Malakoff’s 4Q17 net profit grew multifold on qoq basis but was due to a positive tax charge of RM10m. At the pretax level, adjusted earnings contracted 57% (ie. 3Q17 earnings adjusted for a one-off compensation received). The sequential weakness was mainly due to another unscheduled outage at TBE which was caused by a boiler tube leak in Nov 2017. Rectification works were throughout Dec 2017. Additionally, associate contribution also weakened by KEV and its Oman unit.

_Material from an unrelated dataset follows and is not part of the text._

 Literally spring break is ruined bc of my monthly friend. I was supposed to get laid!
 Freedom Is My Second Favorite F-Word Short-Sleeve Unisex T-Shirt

Overall, we estimate 2017 core earnings fell 19% to RM244m and was only 77% of our estimates. The decline was partially mitigated by an RM10m positive tax charge in 4Q17. At the EBITDA level, earnings were only 88% of our estimates. To some extent, the weakness is expected in view of Segari entering its PPA extension from 2H17 onwards albeit this was exacerbated by TBE’s operation setback (second setback in 2017) in Nov 2017.
We pare down FY18-20F earnings by 7-23%. FY18 saw the biggest cut as we factor in the following: i) TBE experienced another outage in early Jan 2018 too although management is appealing for the outage to be classified under scheduled maintenance, and ii) revisit our assumptions on the Gas-fired power plants ahead of RP2 which plans to substantially reduce generation mix by gas.
Downgrade to HOLD with a lower DCF-basis TP of RM1. The stability of TBE is concerning albeit management noted that these are typical teething issues for a new power plant. Nevertheless, we believe this is a key downside risk to earnings. On a more positive note, management aims to sustain its payout of 100% PATMI to translate to c.7sen DPS.